Make MySQL create an index for the given tables.

INDEX does not imply neither UNIQUE nor NOT NULL.

CREATE TABLE t (
    id INT,
    val VARCHAR(16),
    INDEX (id)
);
INSERT INTO t VALUES (1, 'one');
INSERT INTO t VALUES (1, 'one2');
INSERT INTO t VALUES (2, 'two');
INSERT INTO t VALUES (NULL, 'null');
# Faster because of the index.
SELECT * FROM t WHERE id = 1;
DROP TABLE t;

Output:

1     one
1     one2

Note that there were no errors.

It is also common to make the key NOT NULL, which helps MySQL do certain optimizations.

Multi-column index

TODO check all of this section.

An index can span multiple columns c0 and c1, in which case it will be very efficiently used for WHERE c0 AND c1 queries, but not on WHERE c0 queries alone:

CREATE TABLE t (
    id INT,
    val VARCHAR(16),
    INDEX (id, val)
);
INSERT INTO t VALUES (1, 'one');
INSERT INTO t VALUES (1, 'one2');
INSERT INTO t VALUES (2, 'two');
# Faster because of the index.
SELECT * FROM t WHERE id = 1 AND val = 'one2';
EXPLAIN EXTENDED SELECT * FROM t WHERE id = 1 AND val = 'one2';
EXPLAIN EXTENDED SELECT * FROM t WHERE val = 'one2' AND id = 1;
DROP TABLE t;

Output (selection):

1     one2

+-------------+------+---------------+------+---------+-------------+----------+--------------------------+
| select_type | type | possible_keys | key  | key_len | ref         | filtered | Extra                    |
+-------------+------+---------------+------+---------+-------------+----------+--------------------------+
| SIMPLE      | ref  | id            | id   | 24      | const,const |   100.00 | Using where; Using index |
+-------------+------+---------------+------+---------+-------------+----------+--------------------------+

+-------------+------+---------------+------+---------+-------------+----------+--------------------------+
| select_type | type | possible_keys | key  | key_len | ref         | filtered | Extra                    |
+-------------+------+---------------+------+---------+-------------+----------+--------------------------+
| SIMPLE      | ref  | id            | id   | 24      | const,const |   100.00 | Using where; Using index |
+-------------+------+---------------+------+---------+-------------+----------+--------------------------+

TODO: understand EXPLAIN output in relation to indexes.
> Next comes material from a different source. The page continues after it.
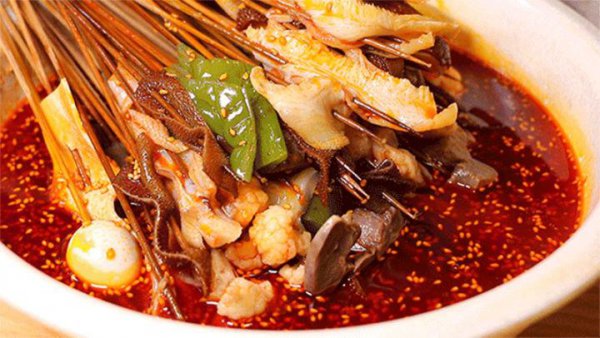 钵钵鸡为什么叫钵钵鸡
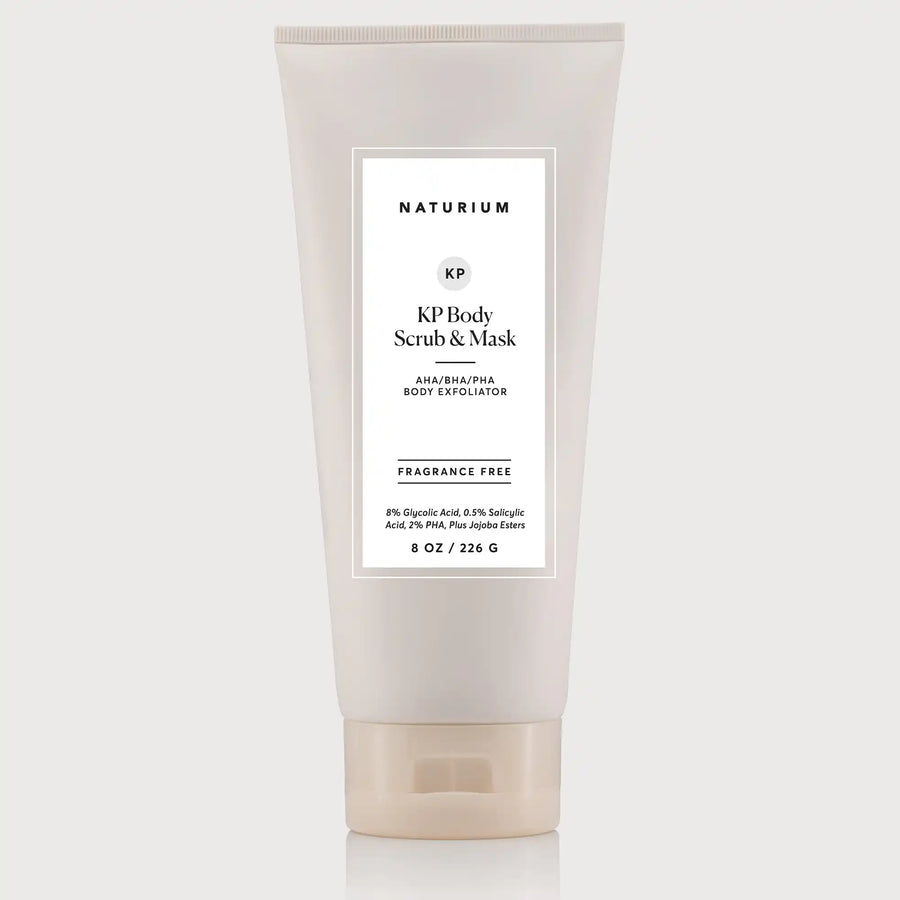 KP Body Scrub & Mask V9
Two separate indexes on individual columns c0 and c1 can be both used to speed up a WHERE c0 c1 query by the MySQL optimizer, but this is a complex optimization (think in terms of the B-tree) and a multi-column INDEX is generally faster.
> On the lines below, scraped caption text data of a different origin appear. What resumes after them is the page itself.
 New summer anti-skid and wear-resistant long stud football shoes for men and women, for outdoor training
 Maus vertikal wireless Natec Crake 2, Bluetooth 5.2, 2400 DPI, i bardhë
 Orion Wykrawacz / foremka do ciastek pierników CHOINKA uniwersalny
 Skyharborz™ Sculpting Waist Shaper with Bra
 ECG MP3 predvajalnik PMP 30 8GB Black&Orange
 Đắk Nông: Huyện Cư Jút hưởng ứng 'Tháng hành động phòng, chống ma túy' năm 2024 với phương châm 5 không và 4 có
http://dba.stackexchange.com/questions/24489/how-are-multiple-indexes-used-in-a-query-by-mysql

CREATE TABLE t (
    id INT,
    val VARCHAR(16),
    INDEX (id),
    INDEX (val)
);
INSERT INTO t VALUES (1, 'one');
INSERT INTO t VALUES (1, 'one2');
INSERT INTO t VALUES (2, 'two');
# Faster because of the index.
SELECT * FROM t WHERE id = 1 AND val = 'one2';
EXPLAIN SELECT * FROM t WHERE id = 1 AND val = 'one2';
EXPLAIN SELECT * FROM t WHERE val = 'one2' AND id = 1;
DROP TABLE t;

KEY

Same as INDEX.

Add index after table is created

Either of:

ALTER TABLE tbl ADD INDEX col (index_name);
CREATE INDEX index_name ON your_table_name(column_name) USING HASH;

CREATE INDEX seems to be the most portable.